L'entrée de la cour d'assises du Loiret à Orléans.

L'entrée de la cour d'assises du Loiret à Orléans. - Google StreetView

Condamnée mardi à dix ans de réclusion criminelle pour le meurtre de son mari violent, cette femme de 65 ans fait appel du jugement des assises du Loiret. Un verdict critiqué par certaines associations de défense des femmes et certains juristes pour sa sévérité.

Dix ans de réclusion criminelle pour avoir tué de trois coups de fusil, le 10 décembre 2012, un mari alcoolique, violent et incestueux. Ce verdict rendu mardi par la cour d'assises du Loiret, eu égard aux circonstances, à savoir l'emprise morale et la violence exercées par la victime sur sa famille, choque tant les proches de sa veuve que les associations. L'avocat de la défenderesse n'a pris qu'une demi-heure de réflexion avant d'interjeter appel. Cette femme et ses enfants, délivrés par la mort de leur tyran domestique, ont pendant les audiences raconté un véritable calvaire.

Coups, viols, agressions sexuelles: un effroyable huis clos

"Mon père est décédé et, pour moi, c'est un soulagement", déclarait l'une des filles, violée à 16 ans. Avec sa mère, femme battue pendant 47 ans de vie commune, elle a été la proie des sévices du tyran familial, un entrepreneur d'une société de transport mort à 65 ans. "Il était sans pitié, c'était plus fort que lui", a ajouté sa sœur aînée. "Il m'a détruite intérieurement, je n'arrive pas à tourner la page", a ajouté la troisième. Toutes trois ont été violées, battues comme l'était leur mère. Leur frère, également victime des violences de son père, s'est suicidé la veille du jour où leur mère finalement tué son mari.

Au cœur de l'audience du vendredi 24 octobre, la présidente de la Cour Catherine Paffenhoff a en revanche longuement questionné la passivité de l'épouse face à ce mari tyran, gros consommateur d'alcool, la non-dénonciation des coups, des incestes. "On avait peur de lui, il nous terrifiait", a répondu l'une de ses filles.

Faudrait-il instaurer une "présomption de légitime défense"?

"Redéfinir la notion de légitime défense", tel est en substance le credo de maître Janine Bonaggiunta interrogée par Le Parisien.
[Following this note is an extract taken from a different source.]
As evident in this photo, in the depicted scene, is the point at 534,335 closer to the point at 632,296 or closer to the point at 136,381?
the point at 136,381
L'avocate avait défendu Alexandra Lange, autre femme battue qui avait tué son mari, mais qui à la différence de Jacqueline Sauvage avait été acquittée en 2012. La juriste fait valoir l'exemple du droit canadien qui instaure "une présomption de légitime défense". "En France, les critères de la légitime défense fonctionnent contre un homme qui va vous attaquer dans la rue, un cambrioleur qui vous menace, mais pour une femme qui, d'une certaine manière, est attaquée en permanence", fait-elle valoir.

Plusieurs associations, telles "Une femme, un toit" ou la "Fédération nationale solidarité femmes" pointent une mauvaise information des professionnels de santé, comme des magistrats. Cette fédération rappelle aussi l'existence de "violences femmes info", qui au 3919 offre une écoute anonyme et gratuite aux victimes de toutes les formes de violences.